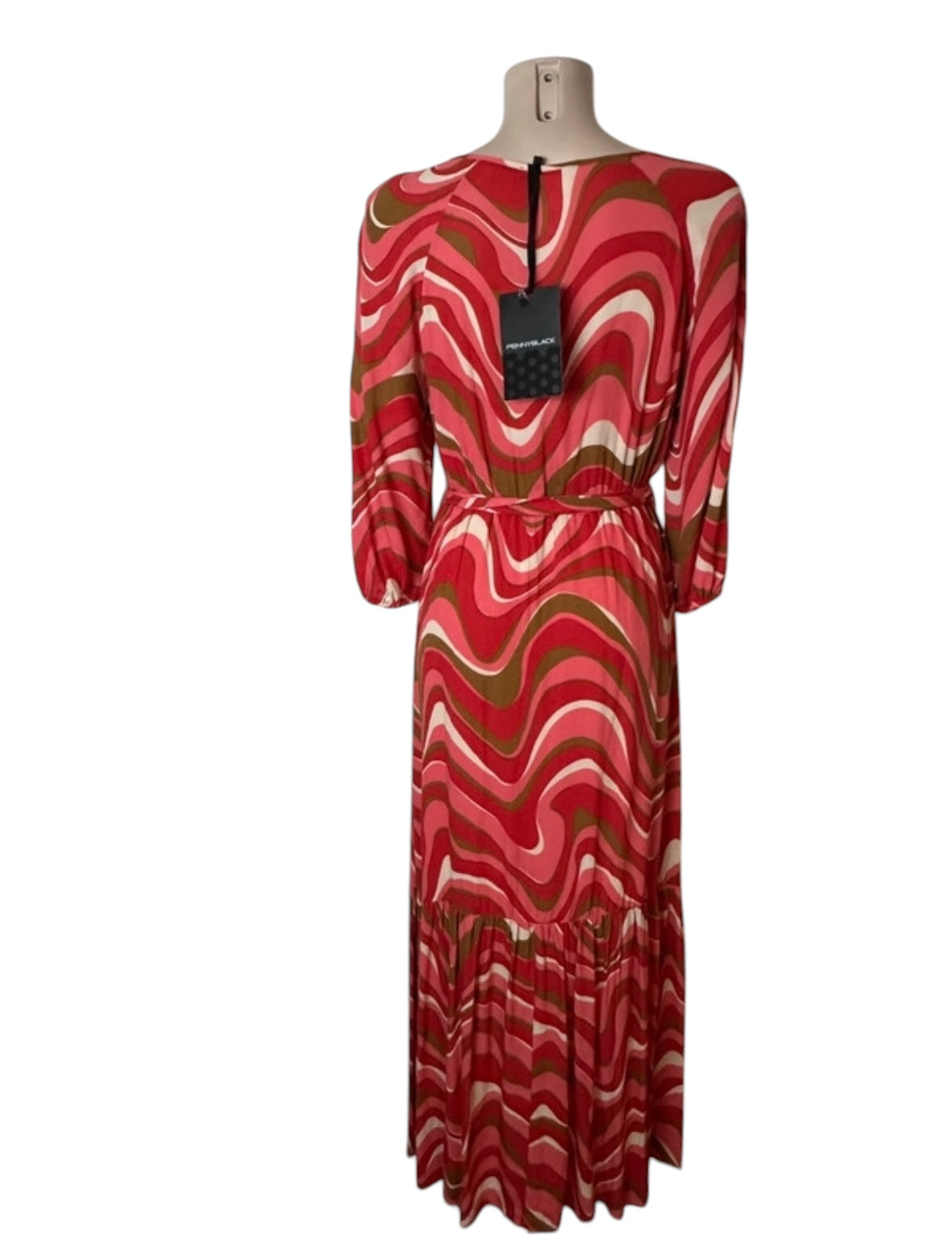 Pennyblack jurk maxi M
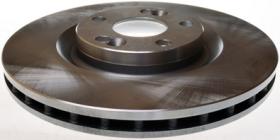DENCKERMANN B130375 - DISCOS DEL X2 RENAULT ESPACE III 98-  AVANTIME 98-03 V 305X2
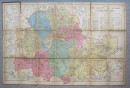 A MAP OF THE COUNTY OF LONDON SHEWINGTHE BOUNDARY JURISDICTION OF THE LONDON COUNTY COUNCIL LAND TRANSFER ACT  1899 (5)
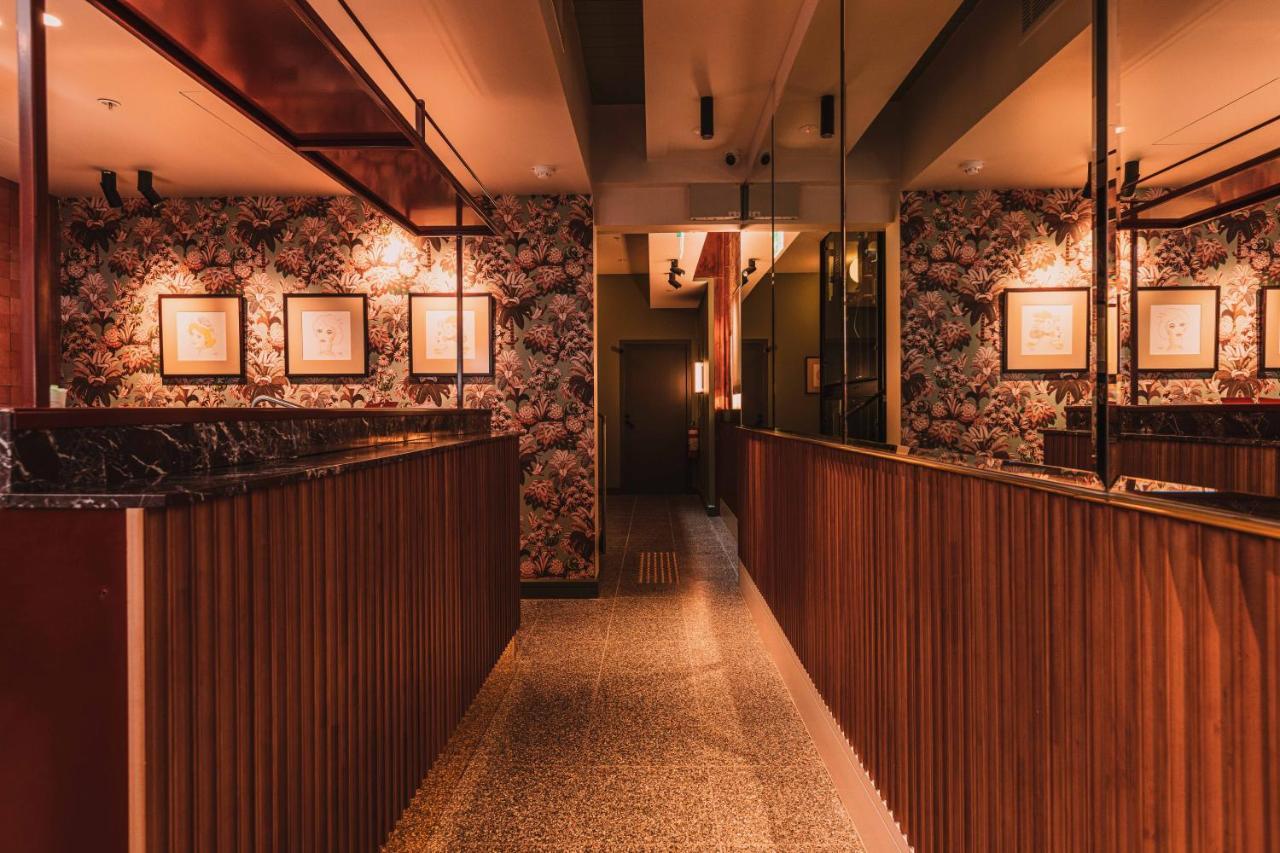 Hotel The Sarah By Urban Rest Sydney Exterior foto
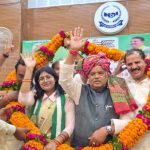 2027 चुनाव मिशन पर जदयू का फोकस, प्रदेश कार्यकारिणी बैठक में तैयारियों की हुई समीक्षा 2027 चुनाव मिशन पर जदयू का फोकस, प्रदेश कार्यकारिणी बैठक में तैयारियों की हुई समीक्षा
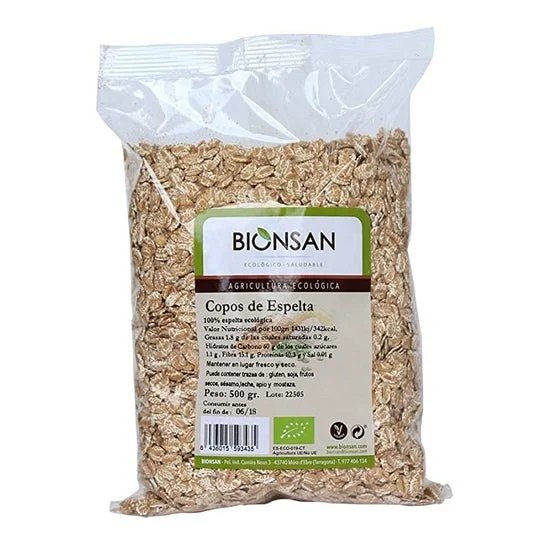 Bionsan Spelt Wheat 500g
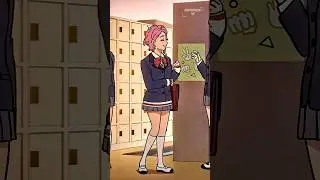 Elle S&rsquo;AMUSE &agrave; le S&Eacute;DUIRE 😡 l Dandadan l #anime #animeedit #shorts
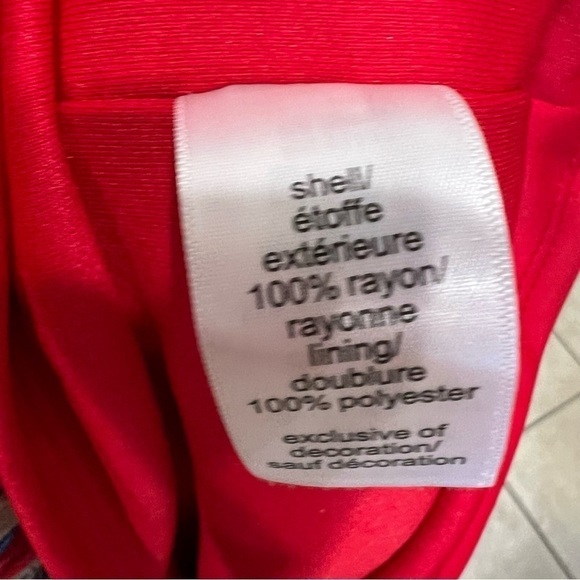 Maurices Floral Skater Dress Women’s Size 2X NEW - Picture 9 of 10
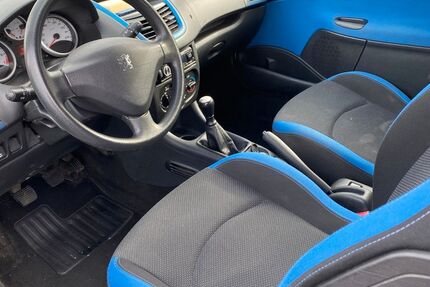 Peugeot 206 144.000 km 2.500 &euro; Hattenhofen 73110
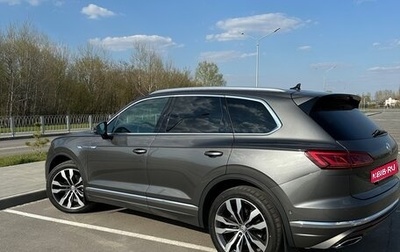 Volkswagen Touareg III, 2020 год, 6 000 000 рублей, 1 фотография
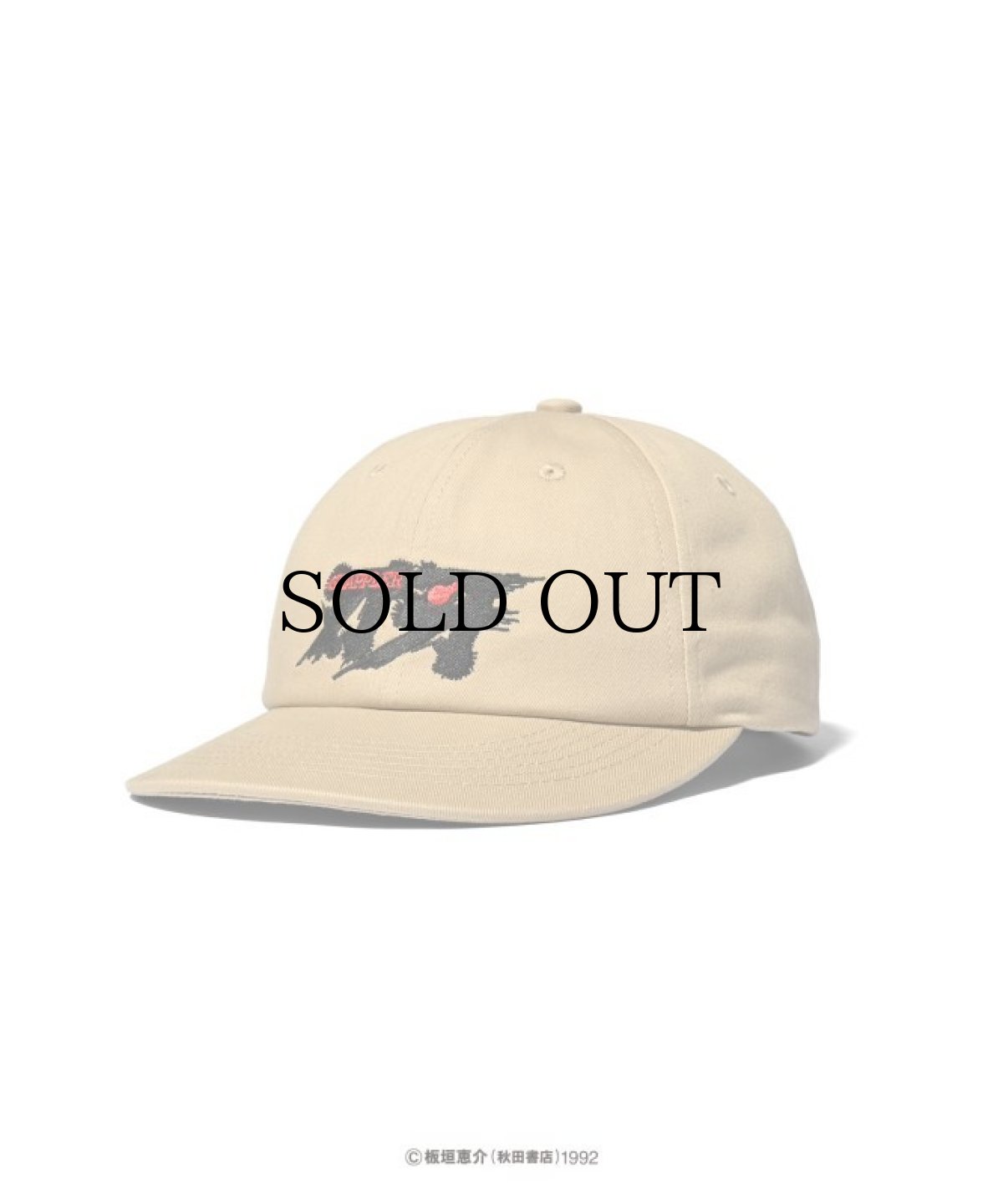 画像7: LFYT(ラファイエット) / 『LFYT × グラップラー刃牙』 LOGO DAD HAT (7)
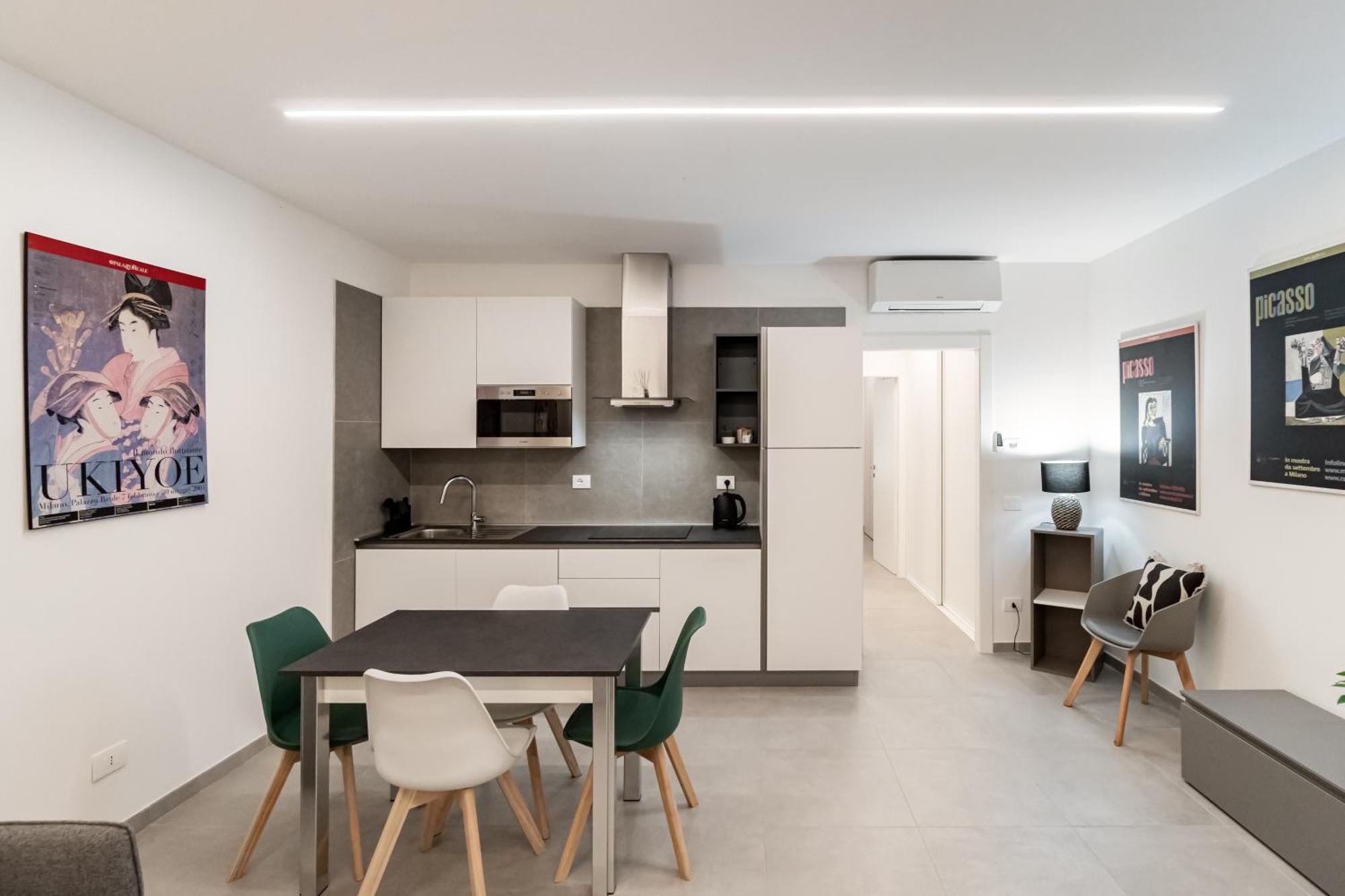 Urban Garden Lofts By Blue Velvet Livings Apartment Milan Exterior photo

┄┄┄┄┄┄

The task → Could you copy the data above exactly, leaving the pictures out?

Output for this exercise →
 Pennyblack jurk maxi M
DENCKERMANN B130375 - DISCOS DEL X2 RENAULT ESPACE III 98-  AVANTIME 98-03 V 305X2
 A MAP OF THE COUNTY OF LONDON SHEWINGTHE BOUNDARY JURISDICTION OF THE LONDON COUNTY COUNCIL LAND TRANSFER ACT  1899 (5)
 Hotel The Sarah By Urban Rest Sydney Exterior foto
 2027 चुनाव मिशन पर जदयू का फोकस, प्रदेश कार्यकारिणी बैठक में तैयारियों की हुई समीक्षा 2027 चुनाव मिशन पर जदयू का फोकस, प्रदेश कार्यकारिणी बैठक में तैयारियों की हुई समीक्षा
 Bionsan Spelt Wheat 500g
 Elle S&rsquo;AMUSE &agrave; le S&Eacute;DUIRE 😡 l Dandadan l #anime #animeedit #shorts
 Maurices Floral Skater Dress Women’s Size 2X NEW - Picture 9 of 10
 Peugeot 206 144.000 km 2.500 &euro; Hattenhofen 73110
 Volkswagen Touareg III, 2020 год, 6 000 000 рублей, 1 фотография
 画像7: LFYT(ラファイエット) / 『LFYT × グラップラー刃牙』 LOGO DAD HAT (7)
 Urban Garden Lofts By Blue Velvet Livings Apartment Milan Exterior photo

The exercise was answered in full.